> **EXTRACTED DATA**
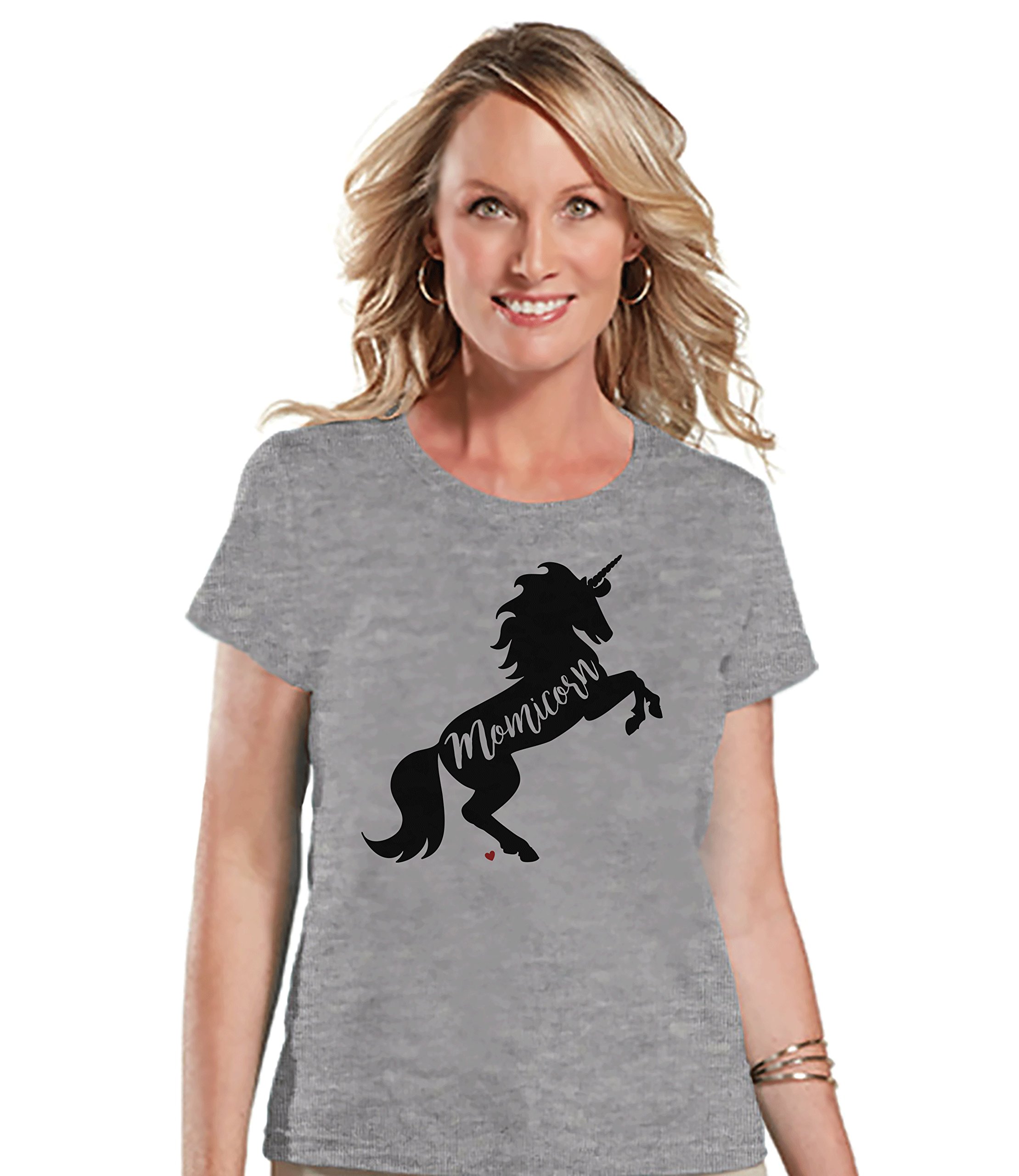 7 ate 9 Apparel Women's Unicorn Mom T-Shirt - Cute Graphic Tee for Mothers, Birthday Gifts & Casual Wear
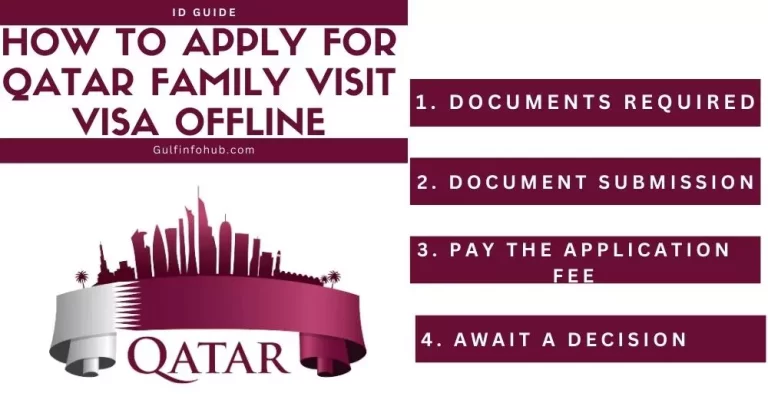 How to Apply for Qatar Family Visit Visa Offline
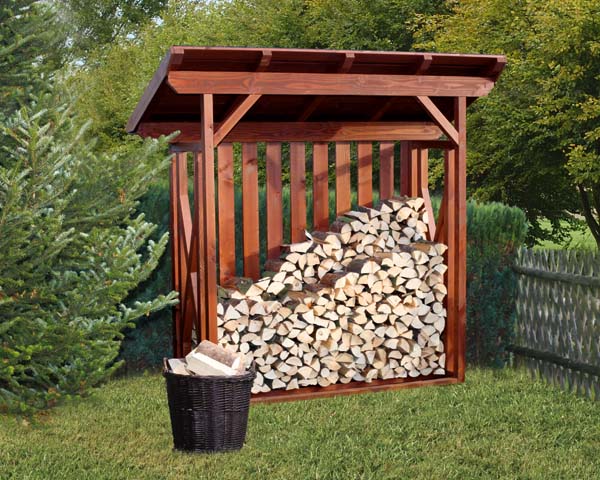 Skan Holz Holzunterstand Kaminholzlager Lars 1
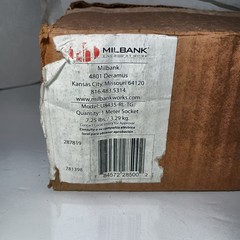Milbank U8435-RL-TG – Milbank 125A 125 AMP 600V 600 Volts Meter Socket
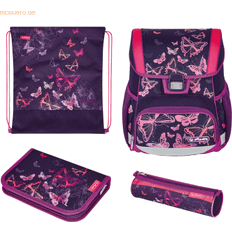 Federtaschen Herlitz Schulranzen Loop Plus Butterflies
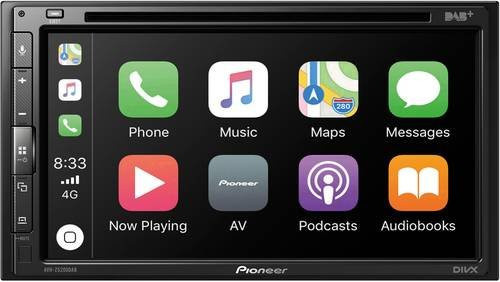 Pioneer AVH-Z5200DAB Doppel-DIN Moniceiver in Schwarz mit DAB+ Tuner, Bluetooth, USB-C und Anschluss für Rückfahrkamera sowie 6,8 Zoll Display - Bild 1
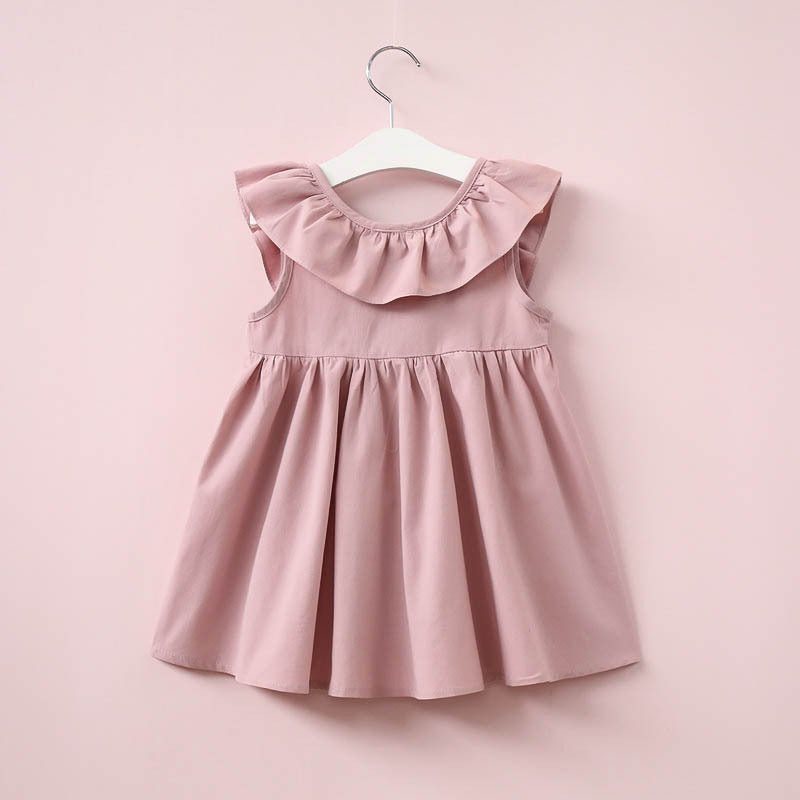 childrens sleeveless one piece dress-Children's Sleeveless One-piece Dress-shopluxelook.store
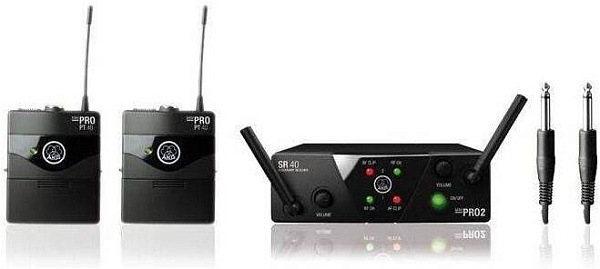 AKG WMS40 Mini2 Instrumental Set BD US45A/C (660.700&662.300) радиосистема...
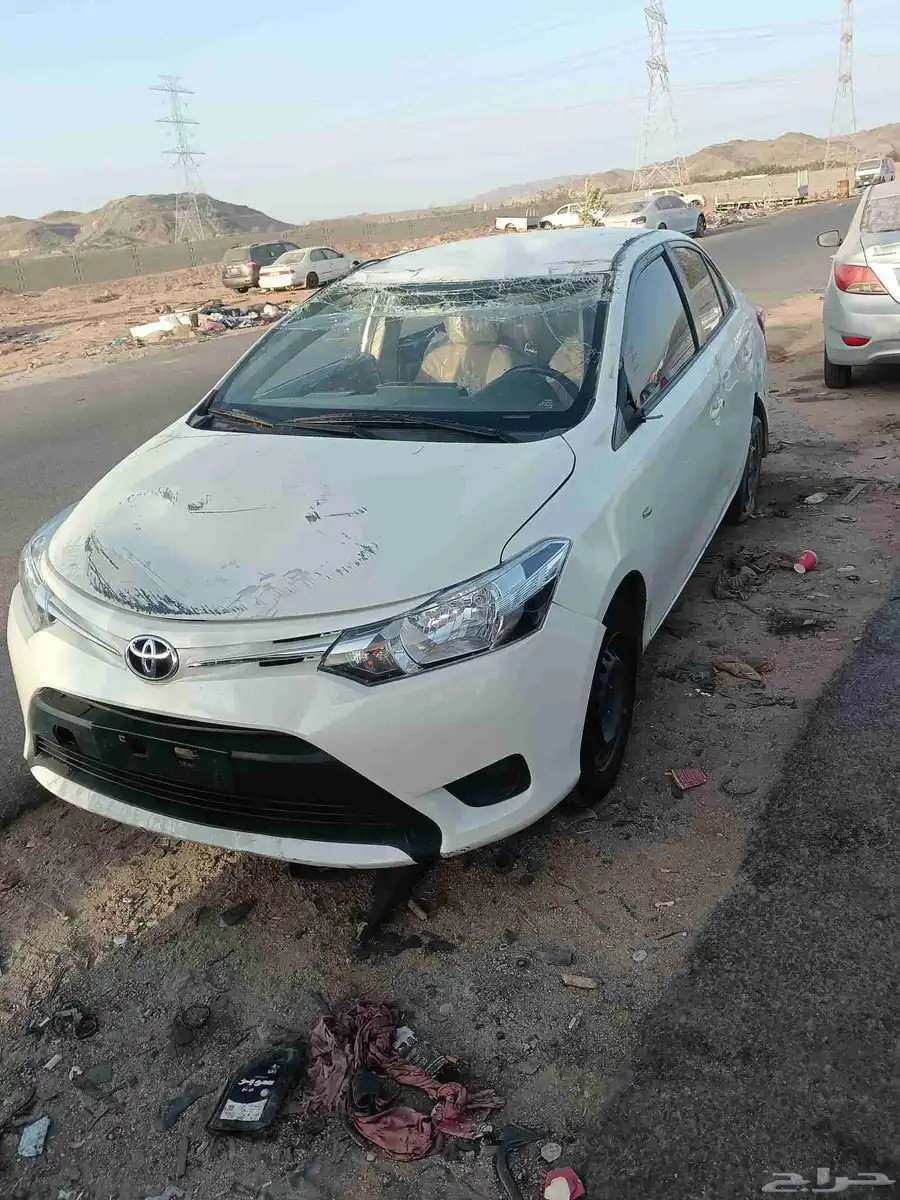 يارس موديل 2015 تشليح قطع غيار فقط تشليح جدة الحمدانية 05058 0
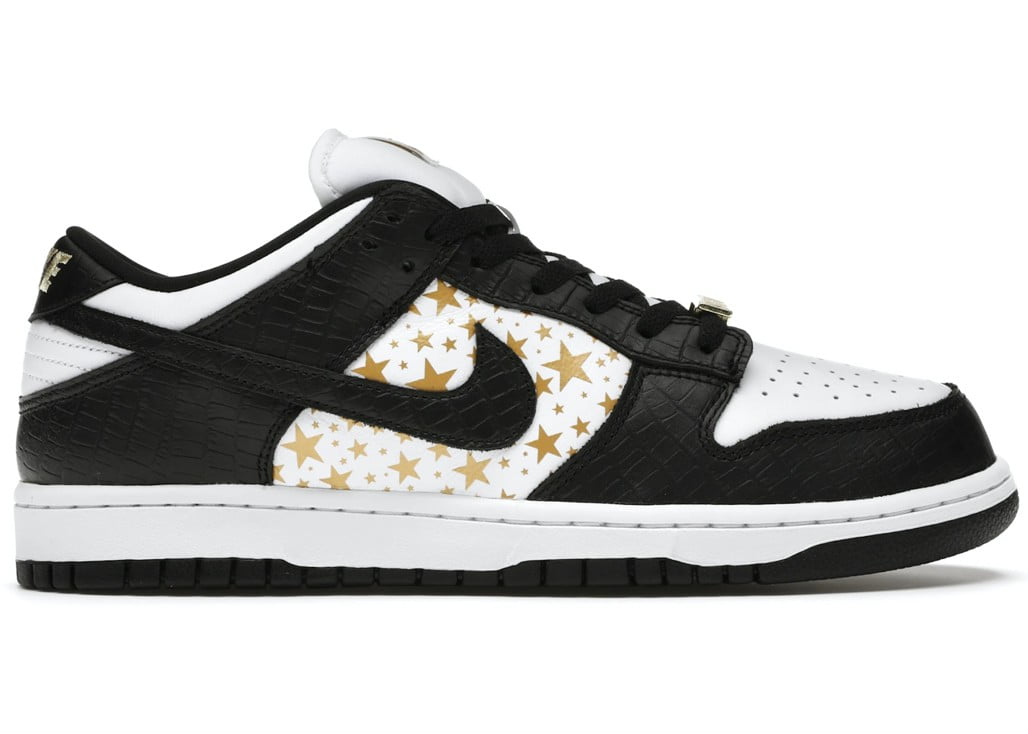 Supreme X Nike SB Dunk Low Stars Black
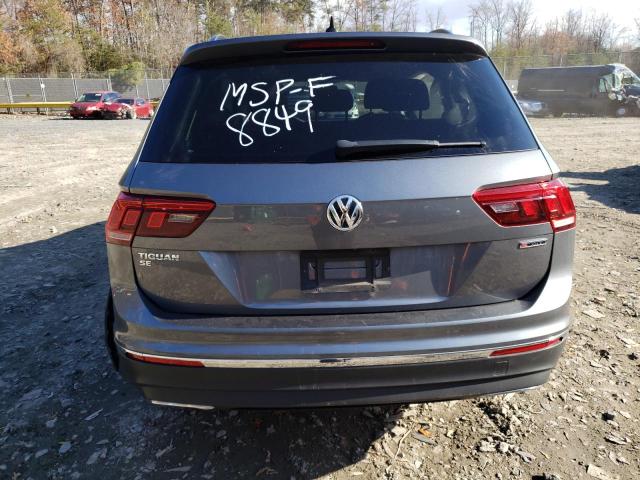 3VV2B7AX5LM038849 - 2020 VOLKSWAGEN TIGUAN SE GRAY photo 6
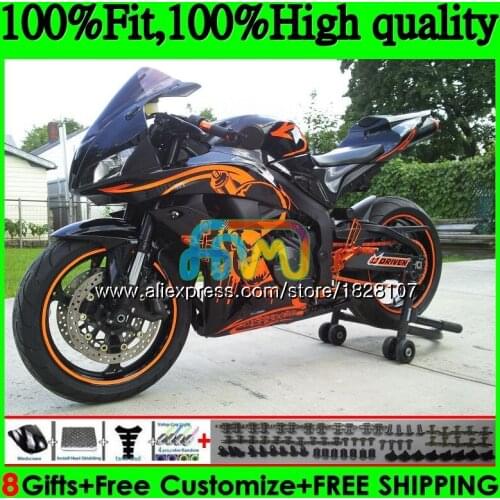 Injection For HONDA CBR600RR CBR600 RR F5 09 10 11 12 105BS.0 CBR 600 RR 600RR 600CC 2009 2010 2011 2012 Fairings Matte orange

> **EXERCISE DESCRIPTION**
Provide the listing above once more, exactly, with the pictures removed.

> **ANSWER FOR THE TASK**
 7 ate 9 Apparel Women's Unicorn Mom T-Shirt - Cute Graphic Tee for Mothers, Birthday Gifts & Casual Wear
 How to Apply for Qatar Family Visit Visa Offline
 Skan Holz Holzunterstand Kaminholzlager Lars 1
Milbank U8435-RL-TG – Milbank 125A 125 AMP 600V 600 Volts Meter Socket
 Federtaschen Herlitz Schulranzen Loop Plus Butterflies
 Pioneer AVH-Z5200DAB Doppel-DIN Moniceiver in Schwarz mit DAB+ Tuner, Bluetooth, USB-C und Anschluss für Rückfahrkamera sowie 6,8 Zoll Display - Bild 1
 childrens sleeveless one piece dress-Children's Sleeveless One-piece Dress-shopluxelook.store
 AKG WMS40 Mini2 Instrumental Set BD US45A/C (660.700&662.300) радиосистема...
 يارس موديل 2015 تشليح قطع غيار فقط تشليح جدة الحمدانية 05058 0
 Supreme X Nike SB Dunk Low Stars Black
 3VV2B7AX5LM038849 - 2020 VOLKSWAGEN TIGUAN SE GRAY photo 6
 Injection For HONDA CBR600RR CBR600 RR F5 09 10 11 12 105BS.0 CBR 600 RR 600RR 600CC 2009 2010 2011 2012 Fairings Matte orange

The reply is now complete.